Britain’s largest milk processor plunged further into the red last year despite a 24% increase in turnover.
Arla Foods Limited – the British arm of European dairy farmers’ co-operative Arla – posted pre-tax losses of £87.968million in the year ended December 31, 2014.
This represents a 368% increase in pre-tax losses, which stood at £18.78million the year before.
The pre-tax losses take into account exceptional costs of £6.295million, which includes £2.258million for head office restructuring costs and £559,000 of non-capital start-up costs for phase two of the new Aylesbury milk processing plant. The £150million plant, which opened in May last year, is the largest fresh milk processing facility in the world and capable of processing up to 1.5million bottles of milk a day.

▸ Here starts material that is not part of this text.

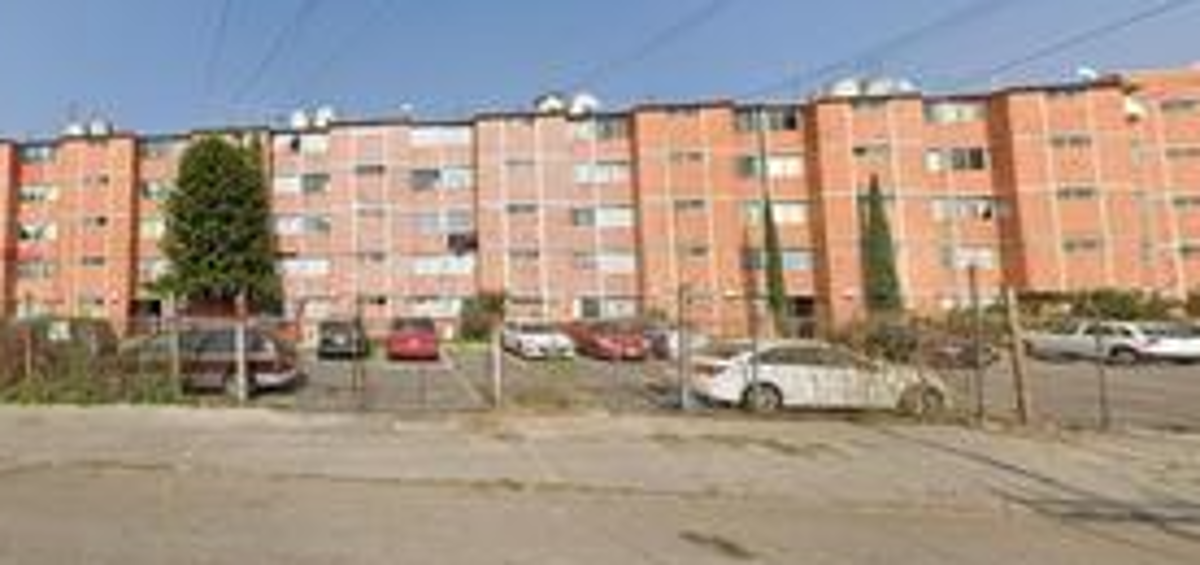 Departamento en venta en Francisco Villa, Ecatepec de Morelos — foto 1 de 2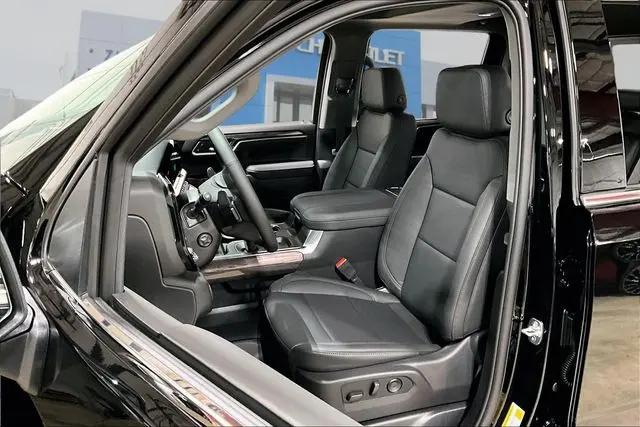 2026 Chevrolet Silverado 1500 4WD Crew Cab Short Bed LTZ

The accounts, filed with Companies House, reveal turnover at the firm was £2.99billion, from £2.41billion previously.
The bulk of sales at the firm, which produces Lurpak, Anchor and Cravendale, was in the UK at £2.963billion. This is up from £2.389billion in 2013.
Sales to Europe were worth £27.053million, from £22.376million previously, while sales to the rest of the world were worth £111,000.
The accounts also reveal that pay to the company’s directors was £2.206million, compared with £1.885million the year before.
The highest-paid director took home a pay cheque of £526,000 – this is up 8% on 2013 when they got paid £487,000.
In a statement accompanying the accounts, the firm said: “2014 was very challenging as significant volatility in the global market saw the record high prices for global dairy commodities seen in the early part of the year quality reverse as global supply started to outstrip demand. This was exacerbated by the fall in Chinese consumption of dairy products and the ban on European dairy products instigated by Russia.”
The firm said it had successfully recruited more than 200million extra litres of milk in the year, and its UK owners were now providing around 20% of Arla’s owner milk globally.
On future prospects, it added: “The second half of 2015 will continue to be challenging for the whole sector in the UK and the global market situation is tougher than ever before for all.”